There was something wrong in both of those scenarios. And, I am not making up those scenarios. They both happened…several times! In the first scenario, I was feeling sorry for myself and let it manifest into anger. In the second scenario, I was feeling sorry for him and let it manifest into dishonesty. There has to be a balance and we finally achieved it through communication, disagreements, understanding how the other one felt, being honest and then we found our solution.
Now a common scenario is this: He says, “Honey, we need…from this store. Do you want to go in?” I know that when he asks that question, he is probably tired and would rather not get the wheelchair out for another time. This is when I evaluate. Do I really have a strong desire to go in this store or do I just want to avoid sitting in the parking lot because I get bored easily? If I want to go in, I tell him and he gladly gets my chair. He doesn’t grunt at me annoyingly, or make me feel like a burden. If I am just avoiding being bored, then I choose to be bored and spare his back. I will stay in the van and I don’t pout. I watch people and have fun making up stories about their day!

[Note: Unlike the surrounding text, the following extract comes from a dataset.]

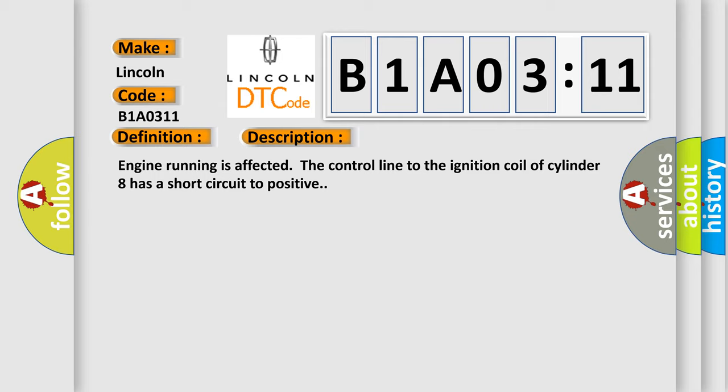The control line to the ignition coil of cylinder eight has a short circuit to positive. This diagnostic error occurs most often in these cases.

There are some points to my rambling:
For you friends, spouses or family members:
🔹Don’t make us feel rushed. We know we take longer, but we are trying the best we can. 🔹Don’t make us feel like you are aggravated. We can’t help it that we have a disability and when you get aggravated at us, you are expecting us to change who we are. We can’t. 🔹Try to help think through our feelings. Our feelings are not disabled and the same things that you would desire to do or to go to, we also desire. Help us make that happen and allow and be prepared for the extra time it will take. 🔹Be patient and understanding with our emotions. I assure you, we are more frustrated with the time it takes us than you are.
For you disabled readers:
🔹Plan well. Emergencies can’t be helped, but procrastination can. I know that it takes me almost 2 hours to get through my morning routine and get ready. That means if I have an early morning, I have to get up much earlier than anyone else to make it happen. 🔹Think it through. If I am going to spend a day out with friends or family, I try to prioritize what is most important to me. I don’t want to wear them out taking care of my needs. I go in when I want to, but if it is not that important to me, I offer to stay in the vehicle before they even have to mention anything about it. 🔹Be kind and patient. It is not anyone’s fault that it takes you time. So be careful not to be impatient and grumpy. It is very easy for me to fuss at Jimmy for forgetting to put on a brake, or for putting my cushion on crooked. I know that seems mean, and it is, but it is easy to get really fussy over the little stuff because you are really aggravated at the bigger picture. So, don’t do it. Take a deep breath, remember those who love you are trying to help you, and be quiet.
Remember, this “time” thing takes time to learn for both parties. It will happen. Just be patient!